Layering data in area maps
You may be wondering why these all of these parameters may be useful.
The maplayer::layer_location_data()
function combines
get_location_data()
with ggplot2::geom_sf()
to
quickly turn the data from mapbaltimore
into ggplot maps.
Here is a simple example that turns streets and parks data into a map of
the downtown area.
example_diag_ratio <- 0.05
layer_streets <- maplayer::layer_location_data(
location = area,
data = streets,
color = "gray60",
diag_ratio = example_diag_ratio
)
layer_parks <- maplayer::layer_location_data(
location = area,
data = parks,
fill = "forestgreen",
diag_ratio = example_diag_ratio
)
background_layers <- list(layer_streets, layer_parks)
ggplot() +
background_layers
The following example shows how to create a new map layer using data imported from Open Street Map. When no location is provided, no filtering takes place.
layer_area_buildings <- maplayer::layer_location_data(
data = getdata::get_osm_data(
location = area,
diag_ratio = example_diag_ratio,
key = "building",
value = "yes",
geometry = "polygons"
),
fill = "antiquewhite2",
color = NA,
alpha = 1
)
#> ℹ OpenStreetMap data is licensed under the Open Database License (ODbL).
#> Attribution is required if you use this data.

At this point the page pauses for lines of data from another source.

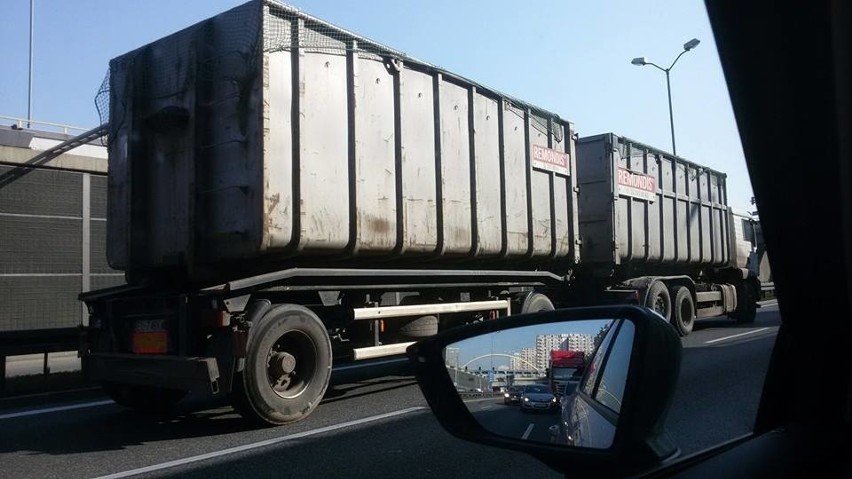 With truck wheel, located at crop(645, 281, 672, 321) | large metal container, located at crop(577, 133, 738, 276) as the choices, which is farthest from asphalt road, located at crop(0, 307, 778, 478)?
truck wheel, located at crop(645, 281, 672, 321)

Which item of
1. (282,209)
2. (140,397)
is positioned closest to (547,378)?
(282,209)

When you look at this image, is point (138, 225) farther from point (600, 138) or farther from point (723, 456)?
point (600, 138)

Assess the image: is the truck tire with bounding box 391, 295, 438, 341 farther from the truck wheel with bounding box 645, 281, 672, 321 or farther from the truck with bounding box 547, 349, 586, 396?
the truck with bounding box 547, 349, 586, 396

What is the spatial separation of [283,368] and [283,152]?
196 cm

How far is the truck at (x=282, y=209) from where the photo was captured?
670 centimetres

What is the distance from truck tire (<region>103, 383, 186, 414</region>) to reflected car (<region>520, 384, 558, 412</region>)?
19.3ft

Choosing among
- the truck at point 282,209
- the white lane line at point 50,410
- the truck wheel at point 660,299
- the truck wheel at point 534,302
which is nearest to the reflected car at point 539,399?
the truck at point 282,209

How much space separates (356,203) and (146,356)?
2427mm

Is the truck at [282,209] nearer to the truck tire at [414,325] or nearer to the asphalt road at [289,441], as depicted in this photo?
the truck tire at [414,325]

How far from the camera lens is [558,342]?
Result: 2334 millimetres

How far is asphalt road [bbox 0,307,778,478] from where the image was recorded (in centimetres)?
479

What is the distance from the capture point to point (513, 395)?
2.31m

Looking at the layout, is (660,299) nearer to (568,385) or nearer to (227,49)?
(227,49)

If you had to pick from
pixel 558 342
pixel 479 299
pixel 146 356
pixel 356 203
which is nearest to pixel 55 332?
pixel 146 356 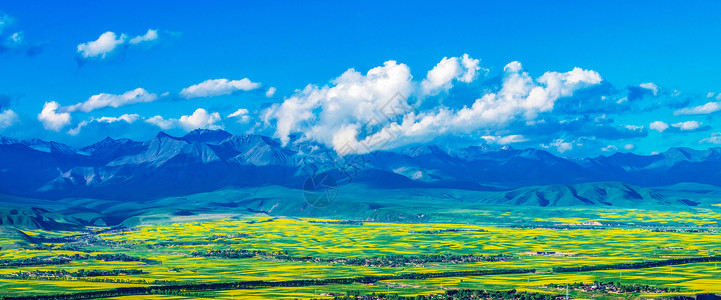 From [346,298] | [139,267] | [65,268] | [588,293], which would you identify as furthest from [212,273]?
[588,293]

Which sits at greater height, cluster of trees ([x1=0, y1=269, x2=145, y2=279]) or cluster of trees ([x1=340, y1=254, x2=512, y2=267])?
cluster of trees ([x1=340, y1=254, x2=512, y2=267])

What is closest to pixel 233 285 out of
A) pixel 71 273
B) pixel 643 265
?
pixel 71 273

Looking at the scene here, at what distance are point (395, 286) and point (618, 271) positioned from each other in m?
49.8

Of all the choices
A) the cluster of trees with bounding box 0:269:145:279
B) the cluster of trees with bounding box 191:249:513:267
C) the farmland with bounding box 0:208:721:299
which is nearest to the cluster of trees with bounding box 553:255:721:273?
the farmland with bounding box 0:208:721:299

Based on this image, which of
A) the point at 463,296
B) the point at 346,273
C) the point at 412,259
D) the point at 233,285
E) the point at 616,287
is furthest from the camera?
the point at 412,259

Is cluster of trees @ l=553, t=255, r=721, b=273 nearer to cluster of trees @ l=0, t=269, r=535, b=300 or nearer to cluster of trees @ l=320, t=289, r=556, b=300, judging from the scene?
cluster of trees @ l=0, t=269, r=535, b=300

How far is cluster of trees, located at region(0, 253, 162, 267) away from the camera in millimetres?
173875

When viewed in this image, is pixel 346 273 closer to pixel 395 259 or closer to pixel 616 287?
pixel 395 259

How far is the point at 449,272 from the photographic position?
505 ft

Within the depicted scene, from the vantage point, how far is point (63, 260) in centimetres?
18125

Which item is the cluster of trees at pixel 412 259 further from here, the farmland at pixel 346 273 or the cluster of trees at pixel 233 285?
the cluster of trees at pixel 233 285

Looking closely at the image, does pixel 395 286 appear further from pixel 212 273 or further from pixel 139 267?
pixel 139 267

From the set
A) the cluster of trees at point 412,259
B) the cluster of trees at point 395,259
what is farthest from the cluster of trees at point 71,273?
the cluster of trees at point 412,259

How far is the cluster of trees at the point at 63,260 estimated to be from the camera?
17388 cm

#> • Learn more about the ODbL and OSM attribution requirements at
#> <https://www.openstreetmap.org/copyright>
#> This message is displayed once every 8 hours.
ggplot() +
background_layers +
layer_area_buildings +
labs(caption = "© OpenStreetMap contributors")
You can also pass a url to add data from any ArcGIS MapServer or FeatureServer.

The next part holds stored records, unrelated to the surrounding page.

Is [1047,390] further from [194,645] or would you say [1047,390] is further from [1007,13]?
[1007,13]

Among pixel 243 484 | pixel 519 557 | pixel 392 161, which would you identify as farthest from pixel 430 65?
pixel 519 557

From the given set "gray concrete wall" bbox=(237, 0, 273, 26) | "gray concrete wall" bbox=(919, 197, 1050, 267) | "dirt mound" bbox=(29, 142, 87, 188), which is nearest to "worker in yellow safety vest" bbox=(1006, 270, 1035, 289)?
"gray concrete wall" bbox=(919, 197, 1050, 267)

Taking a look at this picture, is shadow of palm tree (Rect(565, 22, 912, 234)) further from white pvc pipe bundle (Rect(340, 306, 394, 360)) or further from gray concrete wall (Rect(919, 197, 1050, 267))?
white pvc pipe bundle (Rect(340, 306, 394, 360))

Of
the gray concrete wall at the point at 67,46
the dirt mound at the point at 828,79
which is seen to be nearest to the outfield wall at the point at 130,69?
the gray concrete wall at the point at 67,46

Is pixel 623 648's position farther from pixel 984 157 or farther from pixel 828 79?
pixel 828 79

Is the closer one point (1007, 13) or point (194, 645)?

parking_facility_url <- "https://opendata.baltimorecity.gov/egis/rest/services/Hosted/Parking_Facilities/FeatureServer/0"
layer_area_parking <- maplayer::layer_location_data(
location = area,
data = parking_facility_url,
diag_ratio = example_diag_ratio,
color = "gray10",
fill = "yellow",
shape = 24,
size = 4
)
ggplot() +
background_layers +
layer_area_buildings +
layer_area_parking +
ggtitle("Parking facilities in Downtown Baltimore")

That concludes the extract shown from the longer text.